POST FALLS - A Post Falls woman is facing a felony charge for reportedly chopping the tops of her neighbor's trees.

The alleged hack job happened last spring - when the woman's neighbor and his family were away on vacation - and is the latest complaint in an apparently ongoing dispute between the two sides who share a property line.

Chris Greenfield, 52, has lived next to Eric Wurmlinger, 52, at Parkwood Place in Post Falls for around five years. In April, Greenfield reportedly cut six feet off a row of 10 arbavida trees that bordered the neighbors' properties when Wurmlinger was gone.

"A fence issue is a whole other thing," said Wurmlinger, who runs a bed and breakfast at the house where he lives with his family. "We didn't want a fence, we just wanted privacy. That's all this is, privacy for my guests."

Now, the chopped down trees are too short to block the view from one of the guest bedroom windows from the back patio of Greenfield's home.

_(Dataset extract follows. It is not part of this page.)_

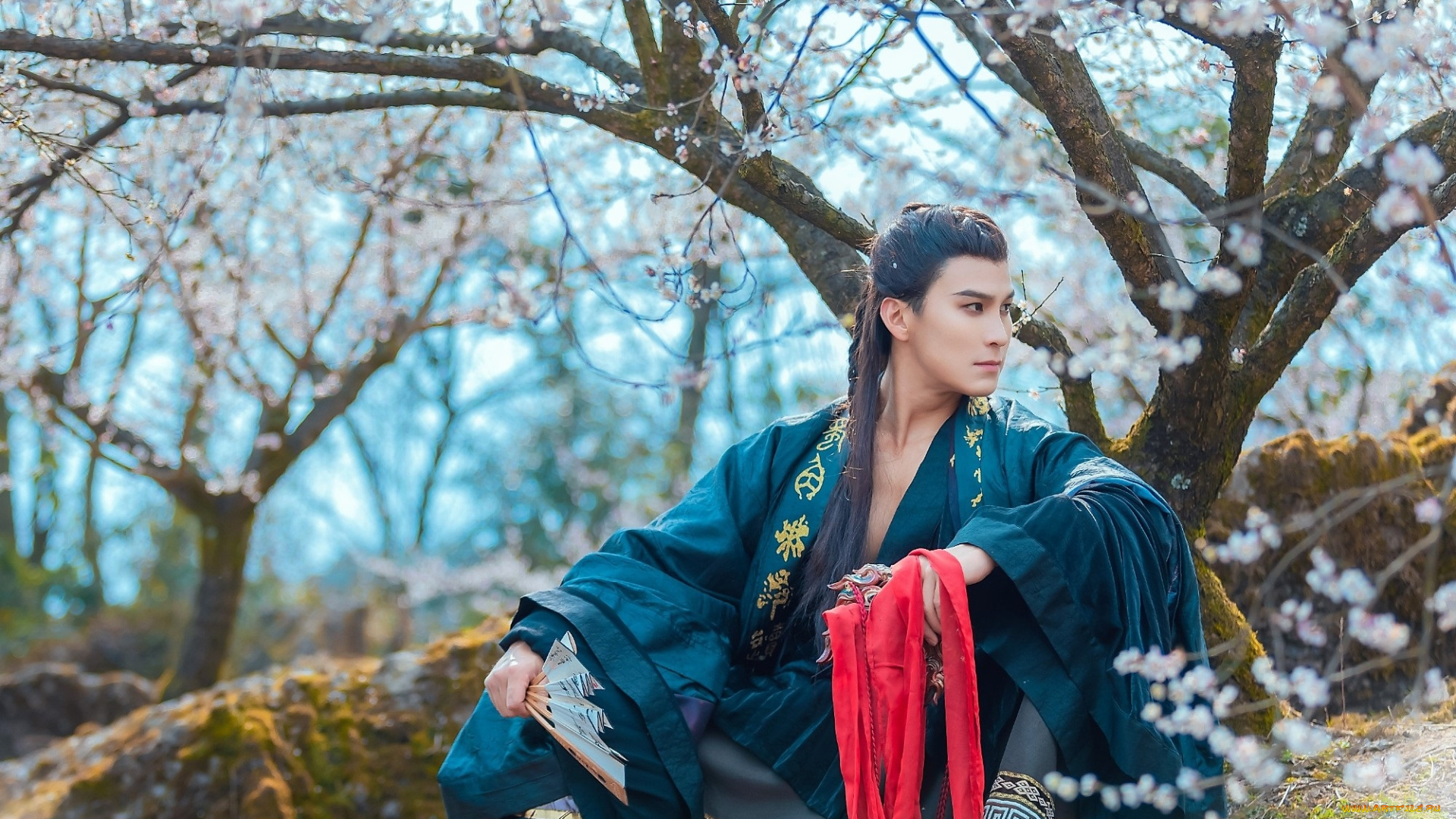 мужчины, -, креатив, , косплей, мужчина, костюм, веер, дерево, цветение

Greenfield had cited an old Post Falls city ordinance that trees were subject to the same height restriction as fences - around six feet - when she said she had a landscaper "trim the shrubs."

"It's so simple," Greenfield told The Press Tuesday. "It was a hedge that was trimmed."

But that city ordinance was redacted around three years ago, Post Falls police said, and trees no longer count as fence lines, and therefore can grow taller. The 10 trees, planted in 1995, were all planted on Wurmlinger's property. Some of their branches did reach to Greenfield's side, but the tops that were chopped were on Wurmlinger's side. They were around 12 feet tall before the trimming. Now, they're around half that.

"Maybe not even six," Wurmlinger said of their new heights. "Maybe in 10 years they'll re-grow, but I'm not sure. The whole center is gone (on each tree)."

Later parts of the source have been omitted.